__EXERCISE PROMPT__: The required answer is a copy of each line in the entries below that includes "Metal".
━━━━━ THE DATA ━━━━━
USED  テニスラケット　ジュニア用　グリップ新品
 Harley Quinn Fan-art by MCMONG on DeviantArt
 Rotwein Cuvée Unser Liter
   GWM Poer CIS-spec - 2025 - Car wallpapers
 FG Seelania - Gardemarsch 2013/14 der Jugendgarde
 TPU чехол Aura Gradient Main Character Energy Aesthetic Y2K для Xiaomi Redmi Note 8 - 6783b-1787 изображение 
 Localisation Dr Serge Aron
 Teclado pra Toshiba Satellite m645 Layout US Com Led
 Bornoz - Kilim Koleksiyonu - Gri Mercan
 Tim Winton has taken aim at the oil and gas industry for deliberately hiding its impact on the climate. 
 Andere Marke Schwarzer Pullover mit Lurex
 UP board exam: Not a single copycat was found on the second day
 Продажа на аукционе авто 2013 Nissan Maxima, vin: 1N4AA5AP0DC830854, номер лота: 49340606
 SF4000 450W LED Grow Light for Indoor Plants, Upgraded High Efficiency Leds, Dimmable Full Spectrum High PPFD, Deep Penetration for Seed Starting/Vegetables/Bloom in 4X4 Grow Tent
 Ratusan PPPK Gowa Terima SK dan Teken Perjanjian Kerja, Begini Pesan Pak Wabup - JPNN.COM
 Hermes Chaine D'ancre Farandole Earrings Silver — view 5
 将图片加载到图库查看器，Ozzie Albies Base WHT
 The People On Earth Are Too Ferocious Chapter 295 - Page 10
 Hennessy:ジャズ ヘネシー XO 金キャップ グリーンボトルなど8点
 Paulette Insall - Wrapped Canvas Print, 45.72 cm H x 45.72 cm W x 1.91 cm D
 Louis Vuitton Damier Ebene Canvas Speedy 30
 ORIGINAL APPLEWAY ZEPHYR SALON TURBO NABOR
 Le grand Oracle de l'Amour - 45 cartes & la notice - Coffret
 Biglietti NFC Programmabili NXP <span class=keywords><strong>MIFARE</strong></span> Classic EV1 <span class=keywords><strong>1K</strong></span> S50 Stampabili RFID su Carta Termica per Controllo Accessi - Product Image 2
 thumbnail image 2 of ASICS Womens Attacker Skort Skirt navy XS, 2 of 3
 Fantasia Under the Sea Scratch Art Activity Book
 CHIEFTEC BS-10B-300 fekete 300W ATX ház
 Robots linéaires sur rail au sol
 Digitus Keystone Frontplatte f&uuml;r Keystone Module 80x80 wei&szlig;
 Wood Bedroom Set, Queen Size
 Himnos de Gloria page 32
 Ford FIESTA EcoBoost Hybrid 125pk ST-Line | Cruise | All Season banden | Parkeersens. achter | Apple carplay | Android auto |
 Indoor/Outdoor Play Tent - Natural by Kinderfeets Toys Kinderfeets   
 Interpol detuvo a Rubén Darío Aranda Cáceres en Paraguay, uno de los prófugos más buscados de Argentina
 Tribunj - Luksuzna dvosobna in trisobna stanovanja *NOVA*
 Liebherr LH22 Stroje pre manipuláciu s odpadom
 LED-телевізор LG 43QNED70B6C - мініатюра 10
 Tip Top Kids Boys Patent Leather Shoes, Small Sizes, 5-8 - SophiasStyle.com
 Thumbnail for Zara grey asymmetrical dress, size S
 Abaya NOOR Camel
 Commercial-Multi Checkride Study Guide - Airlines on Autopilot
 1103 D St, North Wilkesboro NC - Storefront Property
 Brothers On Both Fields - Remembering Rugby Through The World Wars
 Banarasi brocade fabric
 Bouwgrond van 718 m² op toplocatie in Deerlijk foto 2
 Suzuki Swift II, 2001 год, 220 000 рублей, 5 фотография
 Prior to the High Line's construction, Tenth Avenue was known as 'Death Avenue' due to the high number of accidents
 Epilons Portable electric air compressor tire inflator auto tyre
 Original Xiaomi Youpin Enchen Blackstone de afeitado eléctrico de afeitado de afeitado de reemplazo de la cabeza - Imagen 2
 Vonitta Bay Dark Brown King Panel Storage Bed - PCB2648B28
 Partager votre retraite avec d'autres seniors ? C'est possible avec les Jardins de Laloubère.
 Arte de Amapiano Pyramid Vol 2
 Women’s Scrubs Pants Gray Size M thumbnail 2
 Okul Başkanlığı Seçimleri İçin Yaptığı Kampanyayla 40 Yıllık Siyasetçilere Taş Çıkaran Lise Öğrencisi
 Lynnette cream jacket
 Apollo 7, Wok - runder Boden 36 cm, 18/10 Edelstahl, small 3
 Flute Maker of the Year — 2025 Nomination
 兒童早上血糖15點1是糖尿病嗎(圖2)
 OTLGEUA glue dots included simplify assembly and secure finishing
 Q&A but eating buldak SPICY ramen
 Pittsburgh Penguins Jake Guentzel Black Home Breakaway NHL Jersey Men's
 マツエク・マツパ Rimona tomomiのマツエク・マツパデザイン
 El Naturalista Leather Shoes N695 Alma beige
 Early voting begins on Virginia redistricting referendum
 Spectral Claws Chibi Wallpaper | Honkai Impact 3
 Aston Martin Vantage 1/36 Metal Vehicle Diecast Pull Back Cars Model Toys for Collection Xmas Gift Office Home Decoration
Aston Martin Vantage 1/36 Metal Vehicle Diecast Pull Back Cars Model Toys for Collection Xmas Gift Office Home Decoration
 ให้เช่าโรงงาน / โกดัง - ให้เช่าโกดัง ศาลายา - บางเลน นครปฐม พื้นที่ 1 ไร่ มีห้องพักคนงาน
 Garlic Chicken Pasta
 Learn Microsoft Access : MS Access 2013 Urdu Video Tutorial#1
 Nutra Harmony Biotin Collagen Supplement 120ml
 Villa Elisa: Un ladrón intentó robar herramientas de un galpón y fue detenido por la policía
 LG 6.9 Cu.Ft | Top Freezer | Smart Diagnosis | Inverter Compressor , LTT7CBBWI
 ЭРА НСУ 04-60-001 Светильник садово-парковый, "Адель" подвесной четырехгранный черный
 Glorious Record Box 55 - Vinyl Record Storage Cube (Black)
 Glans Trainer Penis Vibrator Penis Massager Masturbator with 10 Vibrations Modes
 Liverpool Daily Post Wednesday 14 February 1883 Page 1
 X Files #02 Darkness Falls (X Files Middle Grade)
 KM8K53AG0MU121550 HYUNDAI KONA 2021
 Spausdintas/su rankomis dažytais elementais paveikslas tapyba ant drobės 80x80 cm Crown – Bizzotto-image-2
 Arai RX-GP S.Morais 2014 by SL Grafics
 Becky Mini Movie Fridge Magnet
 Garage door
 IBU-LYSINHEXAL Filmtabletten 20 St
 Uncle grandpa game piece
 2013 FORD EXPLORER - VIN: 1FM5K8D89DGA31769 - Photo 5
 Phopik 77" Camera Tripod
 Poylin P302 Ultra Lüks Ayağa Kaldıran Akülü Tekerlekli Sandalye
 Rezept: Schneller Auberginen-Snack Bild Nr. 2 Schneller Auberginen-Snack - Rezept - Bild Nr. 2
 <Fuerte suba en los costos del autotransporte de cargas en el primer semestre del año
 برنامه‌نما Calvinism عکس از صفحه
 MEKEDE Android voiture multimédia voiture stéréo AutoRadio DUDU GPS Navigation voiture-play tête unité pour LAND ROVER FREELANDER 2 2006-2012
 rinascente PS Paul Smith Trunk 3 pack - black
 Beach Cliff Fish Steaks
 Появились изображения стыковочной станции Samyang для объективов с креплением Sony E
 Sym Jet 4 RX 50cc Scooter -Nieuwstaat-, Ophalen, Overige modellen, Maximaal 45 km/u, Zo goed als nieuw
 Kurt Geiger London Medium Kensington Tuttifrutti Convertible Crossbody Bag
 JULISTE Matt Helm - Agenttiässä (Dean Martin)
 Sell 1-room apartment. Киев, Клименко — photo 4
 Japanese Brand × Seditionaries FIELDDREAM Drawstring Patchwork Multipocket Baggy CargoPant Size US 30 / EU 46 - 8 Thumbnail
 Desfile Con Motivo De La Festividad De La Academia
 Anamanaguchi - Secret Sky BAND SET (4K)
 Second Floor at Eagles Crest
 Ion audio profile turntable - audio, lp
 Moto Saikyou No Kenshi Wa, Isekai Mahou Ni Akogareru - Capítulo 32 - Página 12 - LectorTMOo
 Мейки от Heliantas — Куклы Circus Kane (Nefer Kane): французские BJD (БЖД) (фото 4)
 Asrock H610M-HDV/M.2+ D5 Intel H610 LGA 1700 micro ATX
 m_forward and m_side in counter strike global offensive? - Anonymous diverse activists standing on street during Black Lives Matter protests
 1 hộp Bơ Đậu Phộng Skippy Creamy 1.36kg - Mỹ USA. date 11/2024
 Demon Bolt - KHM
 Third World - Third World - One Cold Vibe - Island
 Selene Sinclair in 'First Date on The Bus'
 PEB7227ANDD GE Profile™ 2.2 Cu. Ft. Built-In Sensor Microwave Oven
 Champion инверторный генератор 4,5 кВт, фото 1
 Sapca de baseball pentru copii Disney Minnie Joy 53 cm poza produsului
━━━━━
__SOLUTION__:
 Aston Martin Vantage 1/36 Metal Vehicle Diecast Pull Back Cars Model Toys for Collection Xmas Gift Office Home Decoration
Aston Martin Vantage 1/36 Metal Vehicle Diecast Pull Back Cars Model Toys for Collection Xmas Gift Office Home Decoration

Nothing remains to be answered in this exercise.